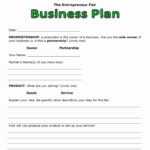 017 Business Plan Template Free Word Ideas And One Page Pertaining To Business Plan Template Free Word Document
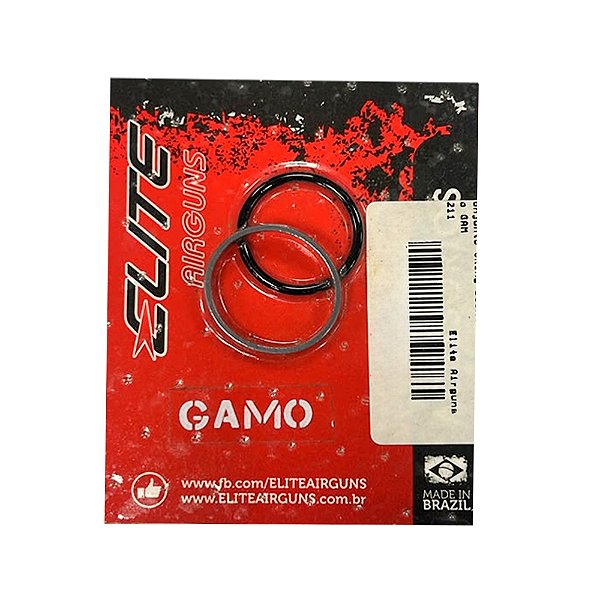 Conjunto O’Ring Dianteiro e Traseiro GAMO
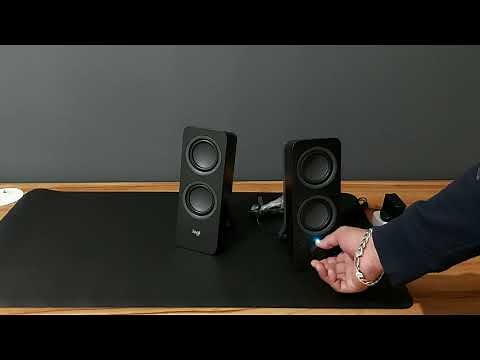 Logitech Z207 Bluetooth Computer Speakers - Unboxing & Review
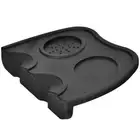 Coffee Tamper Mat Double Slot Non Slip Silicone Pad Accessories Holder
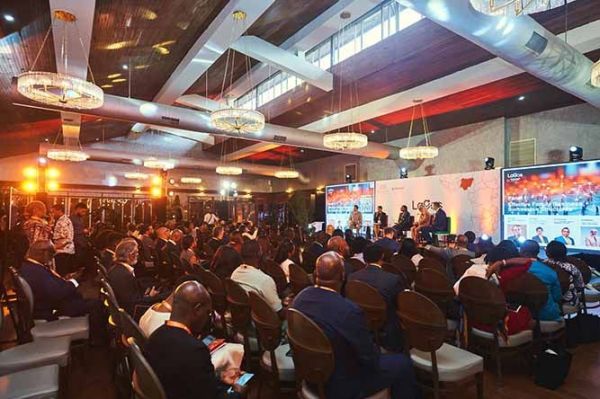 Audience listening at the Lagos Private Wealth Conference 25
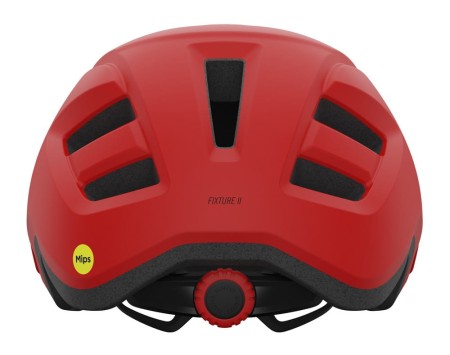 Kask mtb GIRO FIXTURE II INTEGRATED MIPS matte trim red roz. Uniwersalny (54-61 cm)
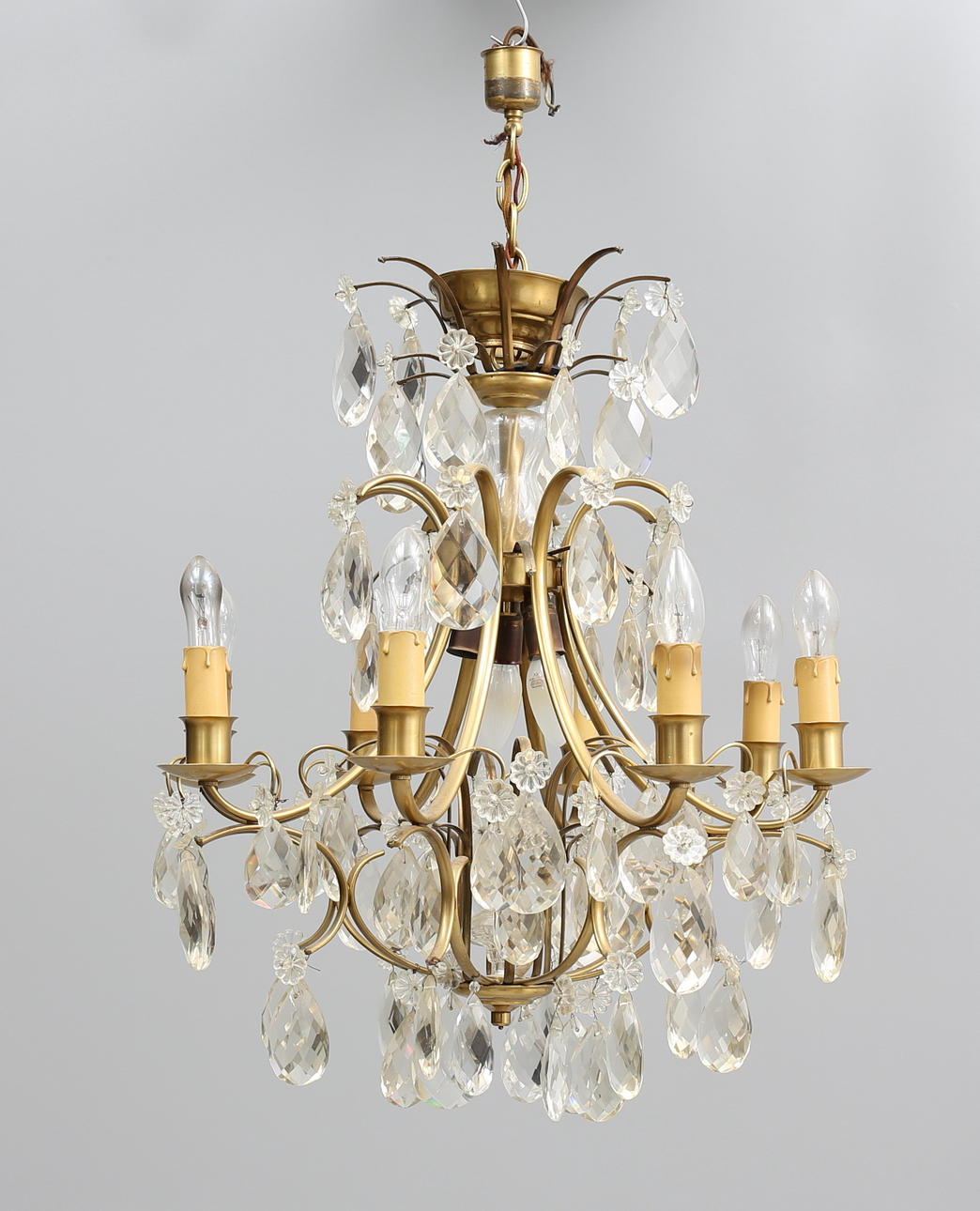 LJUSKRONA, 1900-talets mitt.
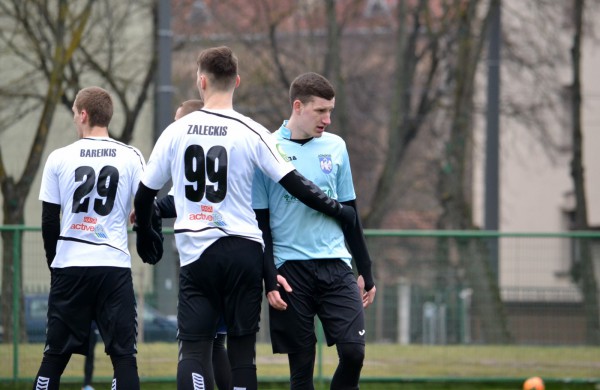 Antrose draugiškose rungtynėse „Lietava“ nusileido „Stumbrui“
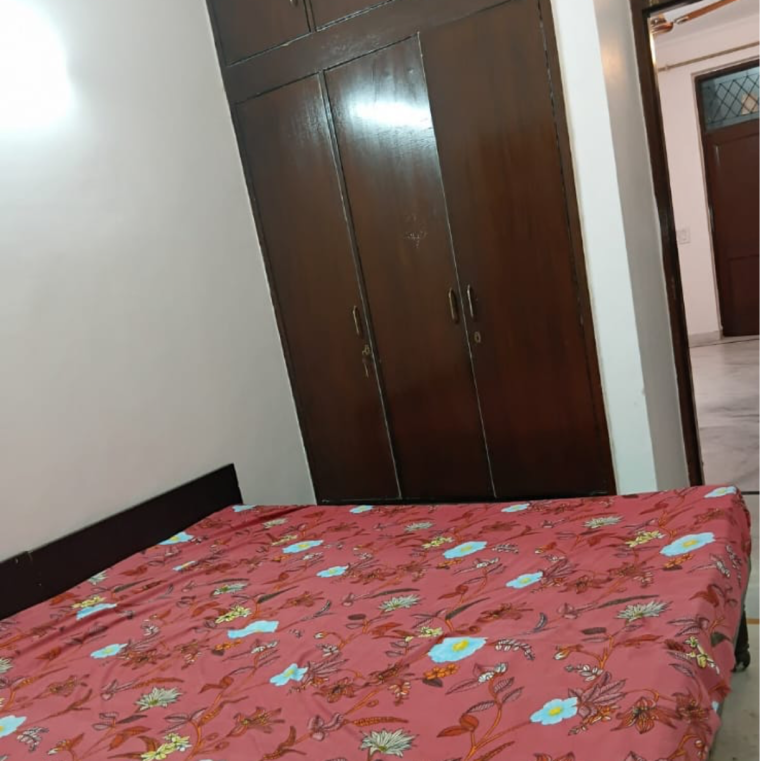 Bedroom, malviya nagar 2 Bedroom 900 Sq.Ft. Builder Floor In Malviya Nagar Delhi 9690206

....................

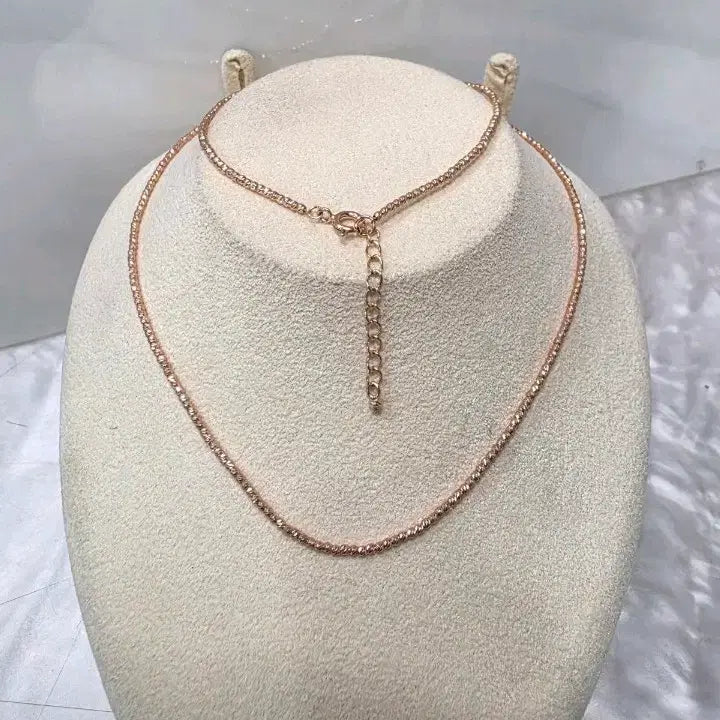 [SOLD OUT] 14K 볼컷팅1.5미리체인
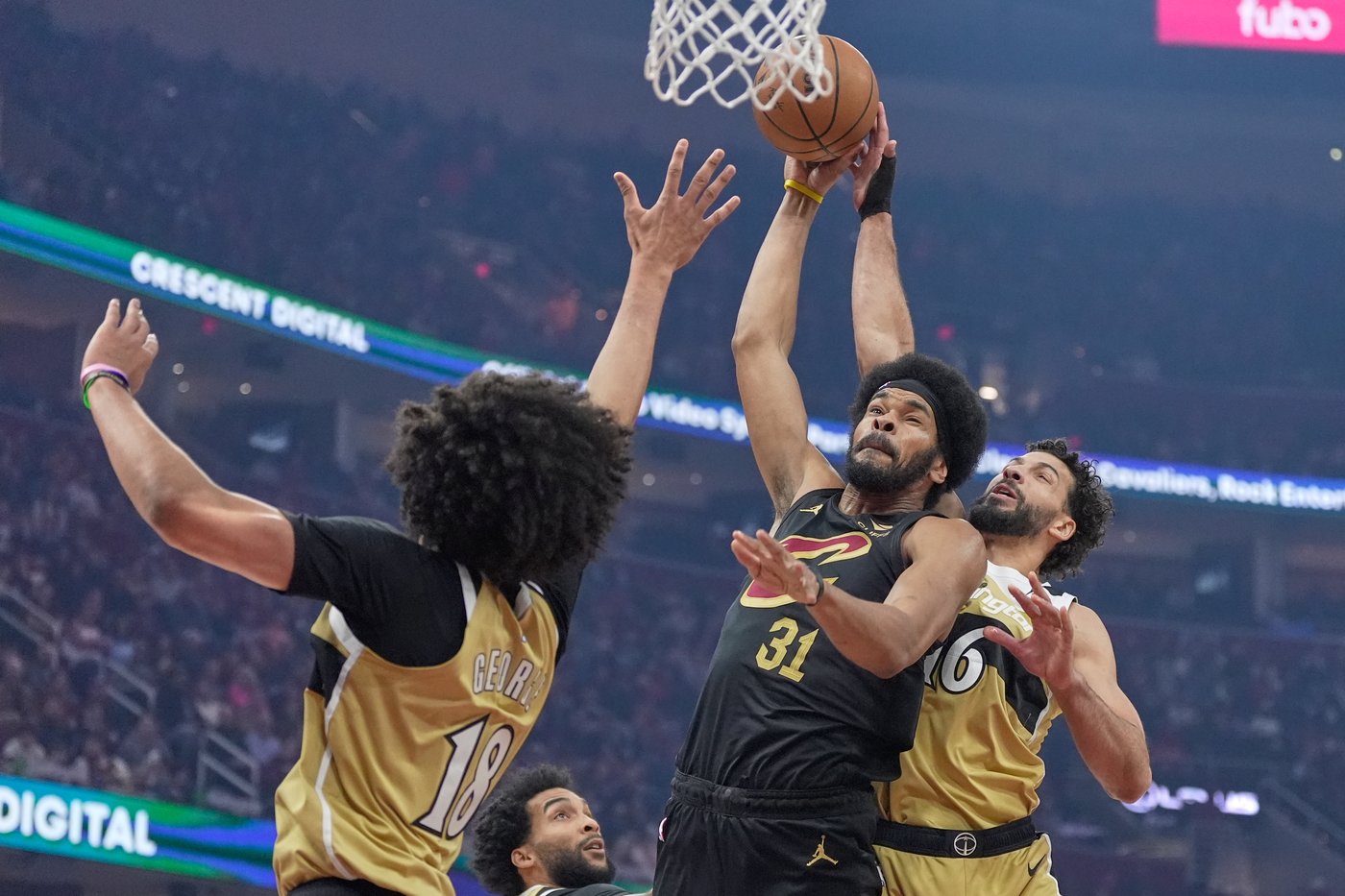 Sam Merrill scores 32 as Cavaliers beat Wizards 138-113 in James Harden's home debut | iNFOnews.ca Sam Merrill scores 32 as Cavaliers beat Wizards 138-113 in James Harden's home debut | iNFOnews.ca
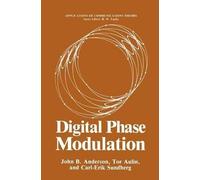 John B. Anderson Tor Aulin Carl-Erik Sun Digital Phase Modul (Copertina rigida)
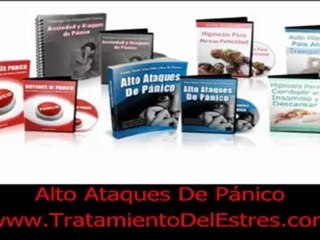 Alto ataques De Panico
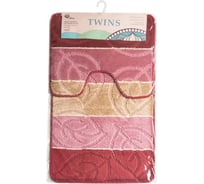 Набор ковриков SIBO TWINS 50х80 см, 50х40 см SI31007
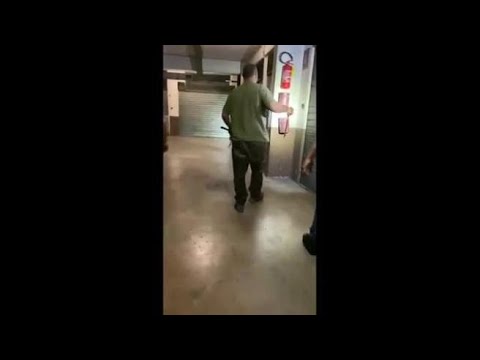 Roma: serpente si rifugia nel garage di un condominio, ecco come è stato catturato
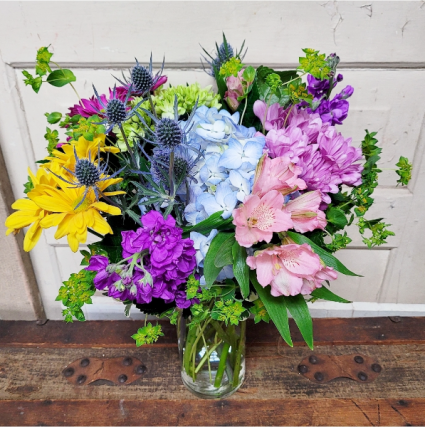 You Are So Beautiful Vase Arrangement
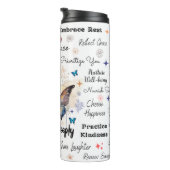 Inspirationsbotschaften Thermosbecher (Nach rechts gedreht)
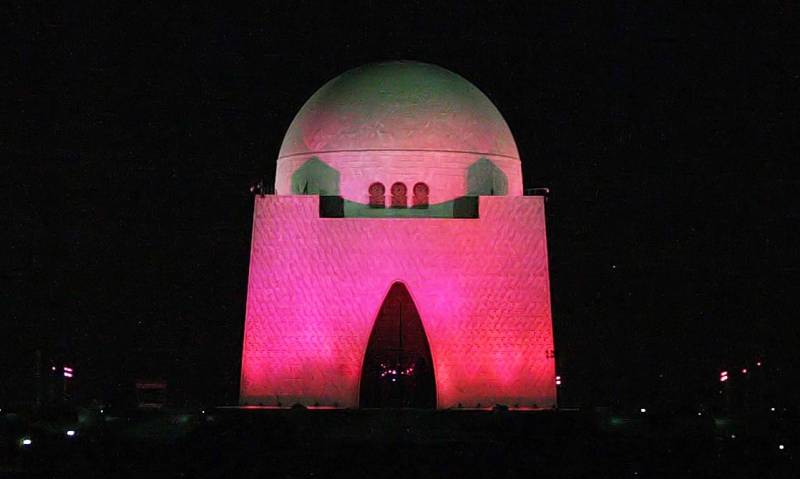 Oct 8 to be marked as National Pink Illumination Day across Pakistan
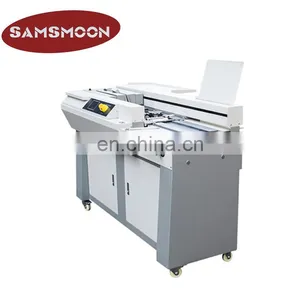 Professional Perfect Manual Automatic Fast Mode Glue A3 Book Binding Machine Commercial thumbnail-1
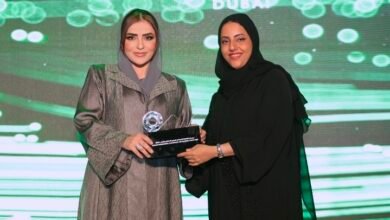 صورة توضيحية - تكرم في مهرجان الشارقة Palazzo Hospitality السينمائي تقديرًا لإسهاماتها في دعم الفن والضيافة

....................

= What to do =
Using the records above, print exactly the run of lines that starts with the line with "Audience listening at" and goes on through the line with "Bedroom, malviya nagar", pictures excluded.

= Answer to the exercise =
 Audience listening at the Lagos Private Wealth Conference 25
 Kask mtb GIRO FIXTURE II INTEGRATED MIPS matte trim red roz. Uniwersalny (54-61 cm)
 LJUSKRONA, 1900-talets mitt.
 Antrose draugiškose rungtynėse „Lietava“ nusileido „Stumbrui“
 Bedroom, malviya nagar 2 Bedroom 900 Sq.Ft. Builder Floor In Malviya Nagar Delhi 9690206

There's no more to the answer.